EXERCISE BRIEF: Reproduce every record below exactly as written, leaving out any pictures.

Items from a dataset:
>>>

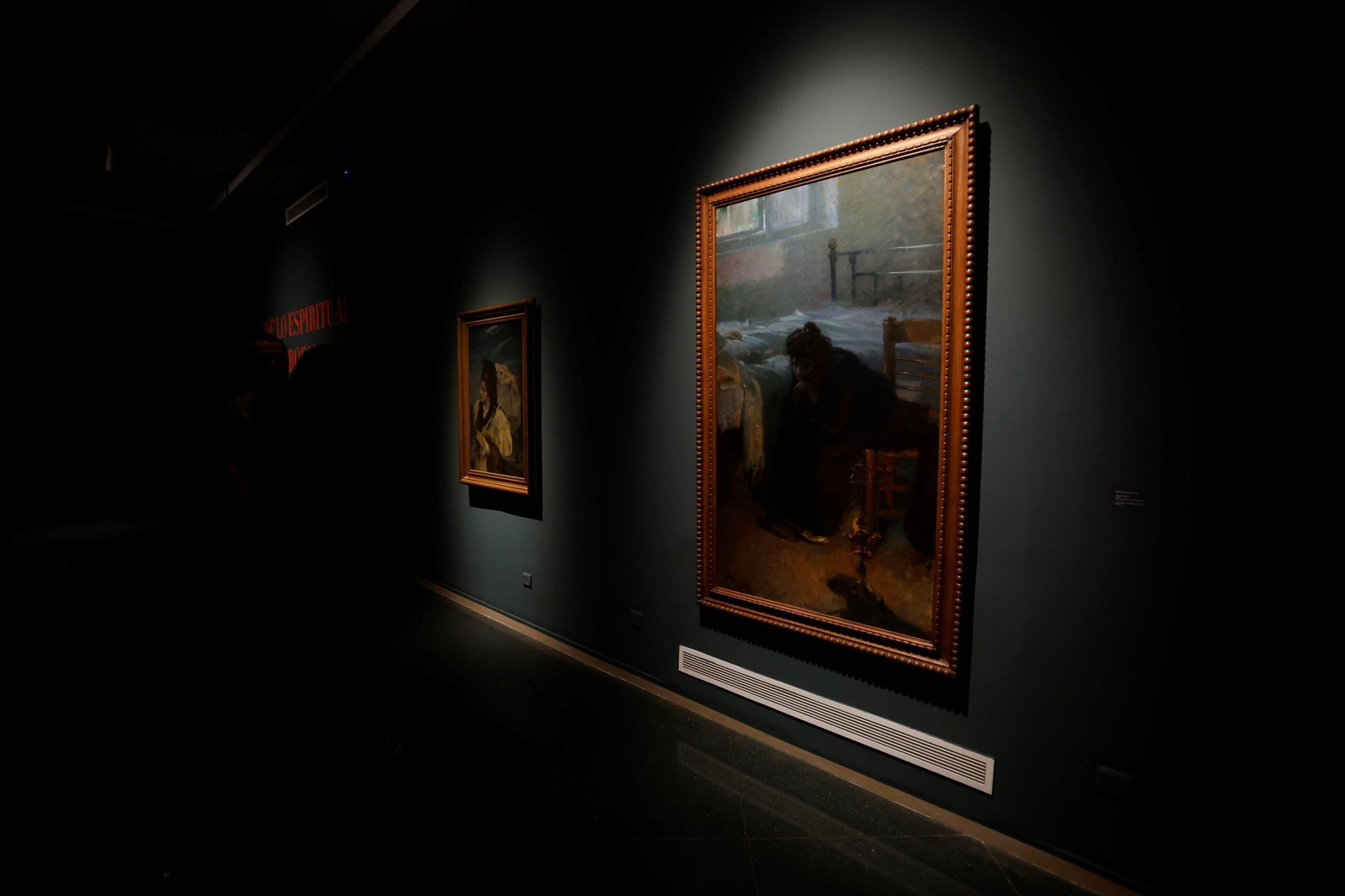 La exposición de Julio Romero de Torres y Zuloaga en Córdoba, en imágenes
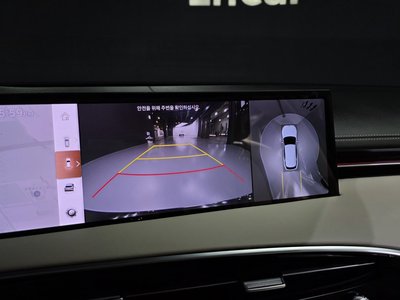 2025 Genesis GV70 — миниатюра 15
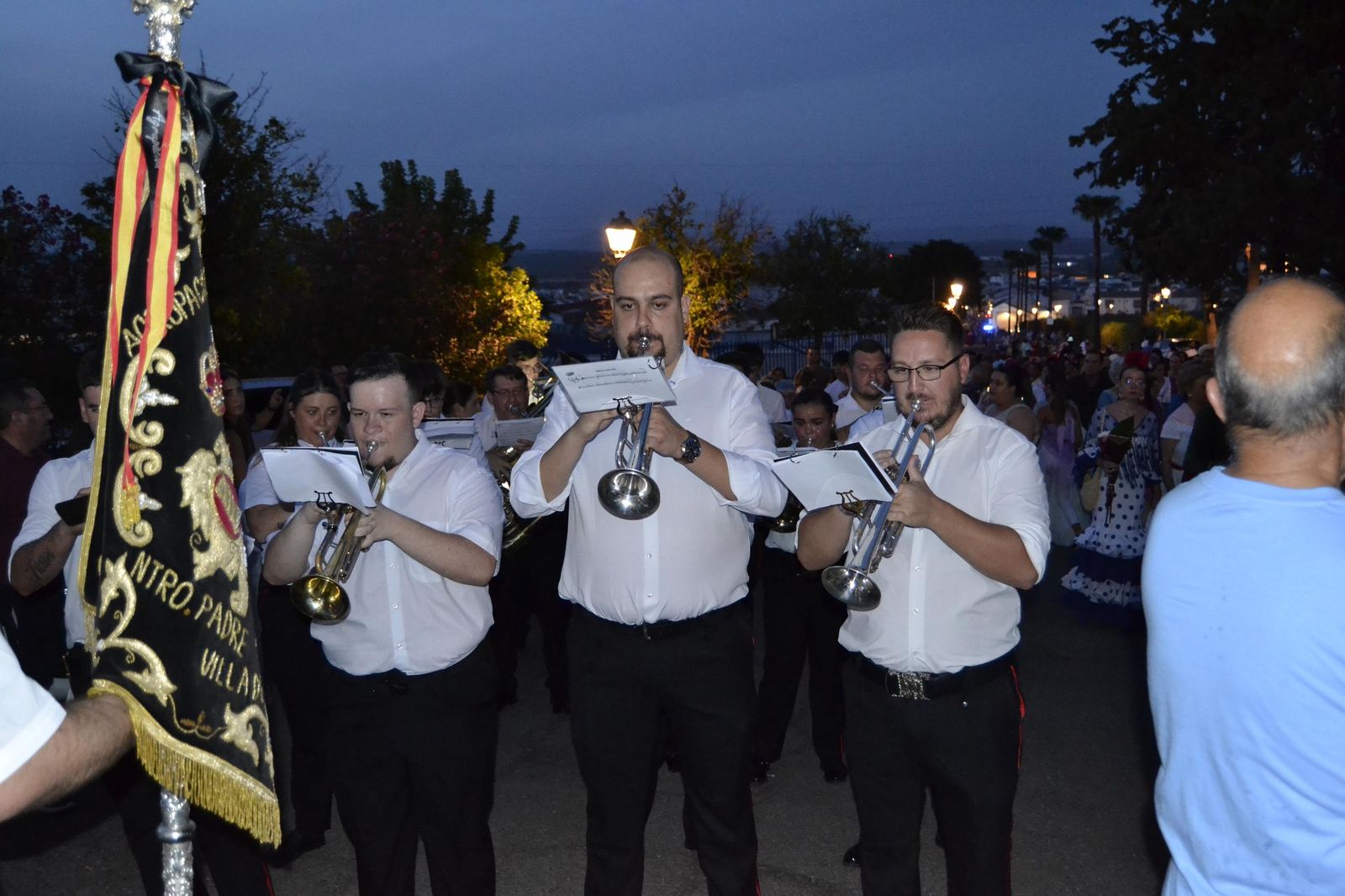 El pregón y la ofrenda floral a la Virgen de la Estrella en Villa del Río, en imágenes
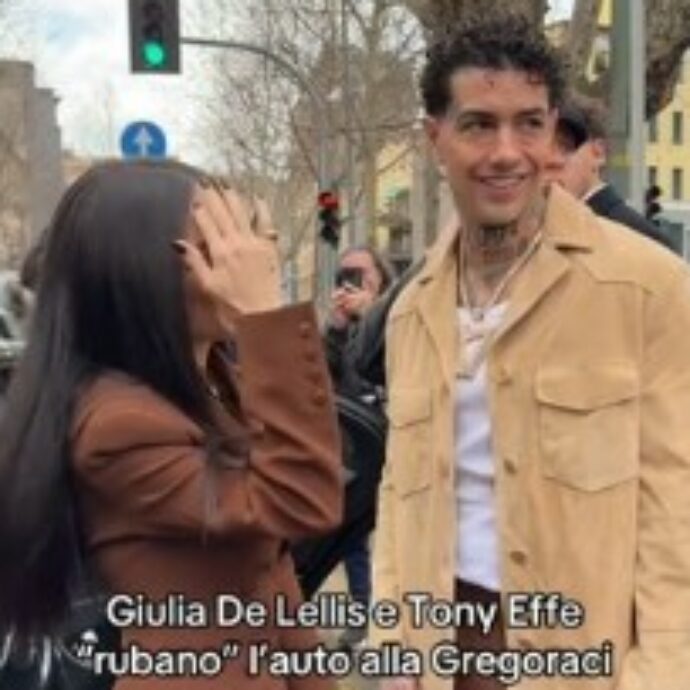 La gaffe di Tony Effe e Giulia De Lellis a Milano diventa un video virale (con Elisabetta Gregoraci)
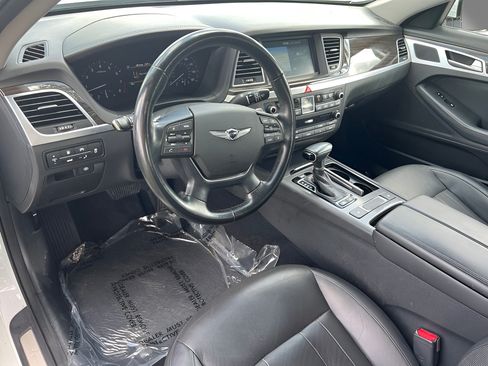 Used 2019 Genesis G80 3.8 RWD image 20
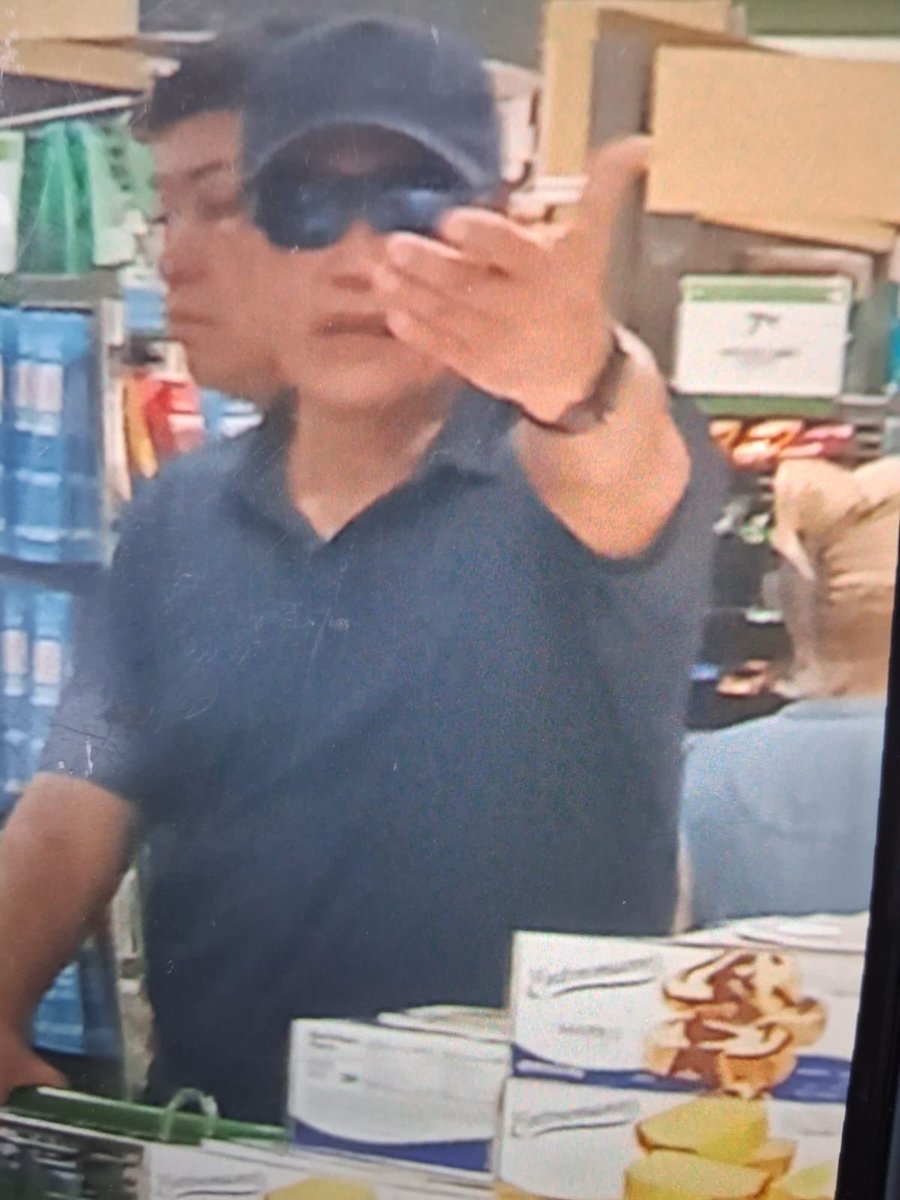 ByViral24's tweet photo. 🇺🇸🔴🇨🇴DENUNCIAN A @GustavoBolivar de amedrentar a ciudadanos norteamericanos en centro comercial Publix en 
Aventura Mall, Miami Estados Unidos https://t.co/F9nYdQn96j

<<<

COMPLETED TASK:
 La exposición de Julio Romero de Torres y Zuloaga en Córdoba, en imágenes
 2025 Genesis GV70 — миниатюра 15
 El pregón y la ofrenda floral a la Virgen de la Estrella en Villa del Río, en imágenes
 La gaffe di Tony Effe e Giulia De Lellis a Milano diventa un video virale (con Elisabetta Gregoraci)
 Used 2019 Genesis G80 3.8 RWD image 20
 ByViral24's tweet photo. 🇺🇸🔴🇨🇴DENUNCIAN A @GustavoBolivar de amedrentar a ciudadanos norteamericanos en centro comercial Publix en 
Aventura Mall, Miami Estados Unidos https://t.co/F9nYdQn96j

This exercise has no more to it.